Relations between the two are a marriage of convenience, where husband and wife live together, often socialise with others as a couple, and show every sign of respect for each other.

At the same time, they sleep in different rooms, and have separate households and personal expenses. Each side is primarily pursuing its interests, and although the couple is formally married, they cannot be called a real family.

A portrait of arranged marriages wouldn’t unduly perturb Indians. But it would be a sobering thought for Delhi how shockingly brief Russia’s dalliance with the NATO turned out to be when it rubbed against the realities of life.

As the NATO steps up its courtship of India, Delhi too will have to think about the kind of relationship it desires. Not surprisingly, when External Affairs Minister Pranab Mukherjee and NATO Secretary-General Jaap de Hoof Scheffer met in New York on September 28, both sides chose to keep their landmark 45-minute meeting on a low key.

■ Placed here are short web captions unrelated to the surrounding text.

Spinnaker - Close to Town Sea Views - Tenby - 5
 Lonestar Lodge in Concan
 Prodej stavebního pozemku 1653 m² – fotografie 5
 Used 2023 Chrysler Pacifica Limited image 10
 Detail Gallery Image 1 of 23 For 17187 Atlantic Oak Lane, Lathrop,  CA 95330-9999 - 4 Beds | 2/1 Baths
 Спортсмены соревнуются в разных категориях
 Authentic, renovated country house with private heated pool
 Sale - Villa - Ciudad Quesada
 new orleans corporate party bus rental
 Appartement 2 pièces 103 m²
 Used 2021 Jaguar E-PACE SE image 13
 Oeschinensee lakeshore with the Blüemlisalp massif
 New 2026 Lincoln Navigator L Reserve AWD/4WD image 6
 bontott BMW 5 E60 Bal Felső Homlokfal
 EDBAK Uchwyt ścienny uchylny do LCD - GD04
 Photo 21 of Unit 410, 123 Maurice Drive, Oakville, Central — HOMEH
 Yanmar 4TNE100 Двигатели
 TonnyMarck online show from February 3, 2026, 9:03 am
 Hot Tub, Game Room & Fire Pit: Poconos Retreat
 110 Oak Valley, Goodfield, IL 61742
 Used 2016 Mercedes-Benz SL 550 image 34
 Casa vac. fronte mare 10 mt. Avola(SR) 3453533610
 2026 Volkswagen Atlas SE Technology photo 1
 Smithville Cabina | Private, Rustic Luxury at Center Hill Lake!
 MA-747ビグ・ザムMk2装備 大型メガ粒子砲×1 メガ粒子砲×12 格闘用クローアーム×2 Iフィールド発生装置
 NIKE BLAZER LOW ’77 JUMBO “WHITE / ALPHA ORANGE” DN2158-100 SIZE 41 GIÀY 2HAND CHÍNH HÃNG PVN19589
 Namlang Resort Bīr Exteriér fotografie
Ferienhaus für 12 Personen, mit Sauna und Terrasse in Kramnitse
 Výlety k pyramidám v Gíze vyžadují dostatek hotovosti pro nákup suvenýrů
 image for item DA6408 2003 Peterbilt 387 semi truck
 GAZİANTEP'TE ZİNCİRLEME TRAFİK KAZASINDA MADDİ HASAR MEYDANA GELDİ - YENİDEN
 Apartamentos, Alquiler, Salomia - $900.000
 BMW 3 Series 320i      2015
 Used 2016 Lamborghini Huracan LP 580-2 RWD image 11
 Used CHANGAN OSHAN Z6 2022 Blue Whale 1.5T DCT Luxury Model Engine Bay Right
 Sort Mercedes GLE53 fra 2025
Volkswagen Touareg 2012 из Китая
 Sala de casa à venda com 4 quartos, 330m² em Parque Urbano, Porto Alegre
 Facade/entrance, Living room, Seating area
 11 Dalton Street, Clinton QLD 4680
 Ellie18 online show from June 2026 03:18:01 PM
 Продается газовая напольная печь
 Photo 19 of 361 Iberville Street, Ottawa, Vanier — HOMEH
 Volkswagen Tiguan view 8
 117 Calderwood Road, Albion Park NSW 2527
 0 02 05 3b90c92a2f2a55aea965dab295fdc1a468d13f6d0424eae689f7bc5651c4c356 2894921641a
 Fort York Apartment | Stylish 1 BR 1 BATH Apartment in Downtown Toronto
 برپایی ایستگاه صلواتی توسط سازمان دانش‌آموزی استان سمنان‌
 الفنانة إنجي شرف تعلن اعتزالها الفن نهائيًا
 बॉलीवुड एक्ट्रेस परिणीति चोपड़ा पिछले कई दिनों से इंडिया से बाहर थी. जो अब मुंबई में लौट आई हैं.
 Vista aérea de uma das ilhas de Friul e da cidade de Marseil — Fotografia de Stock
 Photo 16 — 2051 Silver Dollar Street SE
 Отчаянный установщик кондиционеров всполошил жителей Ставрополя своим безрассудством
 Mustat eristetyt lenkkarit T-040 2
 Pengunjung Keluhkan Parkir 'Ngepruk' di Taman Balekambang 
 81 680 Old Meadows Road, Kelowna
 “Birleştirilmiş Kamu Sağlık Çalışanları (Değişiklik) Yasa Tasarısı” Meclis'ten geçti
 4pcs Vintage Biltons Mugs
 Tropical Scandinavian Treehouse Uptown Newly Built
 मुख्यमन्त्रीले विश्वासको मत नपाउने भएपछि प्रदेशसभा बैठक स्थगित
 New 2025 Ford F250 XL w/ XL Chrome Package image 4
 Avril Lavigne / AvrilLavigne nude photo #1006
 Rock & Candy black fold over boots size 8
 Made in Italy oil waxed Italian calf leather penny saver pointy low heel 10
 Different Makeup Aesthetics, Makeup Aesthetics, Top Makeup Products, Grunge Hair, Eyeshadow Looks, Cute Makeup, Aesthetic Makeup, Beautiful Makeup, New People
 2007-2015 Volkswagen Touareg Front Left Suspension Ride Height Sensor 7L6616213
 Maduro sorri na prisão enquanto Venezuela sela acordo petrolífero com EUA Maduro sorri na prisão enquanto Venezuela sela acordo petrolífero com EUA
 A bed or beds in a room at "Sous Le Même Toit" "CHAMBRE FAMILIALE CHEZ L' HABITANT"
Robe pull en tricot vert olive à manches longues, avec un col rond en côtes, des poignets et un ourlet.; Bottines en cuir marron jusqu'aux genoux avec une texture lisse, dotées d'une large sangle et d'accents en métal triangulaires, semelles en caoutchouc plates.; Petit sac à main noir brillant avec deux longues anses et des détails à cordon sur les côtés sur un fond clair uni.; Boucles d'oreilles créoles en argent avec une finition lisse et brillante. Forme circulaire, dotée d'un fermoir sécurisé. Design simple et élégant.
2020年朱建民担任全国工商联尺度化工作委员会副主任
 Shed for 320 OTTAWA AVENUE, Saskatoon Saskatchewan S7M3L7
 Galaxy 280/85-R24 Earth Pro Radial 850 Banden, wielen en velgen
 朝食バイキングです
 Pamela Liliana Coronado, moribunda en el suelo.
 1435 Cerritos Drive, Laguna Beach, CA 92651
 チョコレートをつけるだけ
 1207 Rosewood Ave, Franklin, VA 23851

Washington genuinely seeks a NATO-India partnership. As the NATO retools for the 21st century for new missions in Africa and South Asia, and as it advances across the Middle East toward the Indian Ocean, looking for global partnerships (numbering 20 at present), India inevitably figures in its agenda. This became starkly evident last month.

NATO Exercises in the Indian Ocean

There was something very poignant about the NATO naval force making its historic visit to the Indian Ocean last month. The NATO maritime mission involved ships from six member countries, which set sail from Europe on July 30. The 12,500 nautical mile route involved circumnavigating Africa. Though they could have taken a direct route via the Suez Canal, they preferred to come hugging the west coast of Africa and on to the Niger Delta, gingerly rounding the Horn of Africa—just as the first Portuguese and Dutch ships came to India’s Malabar Coast in the 15th century.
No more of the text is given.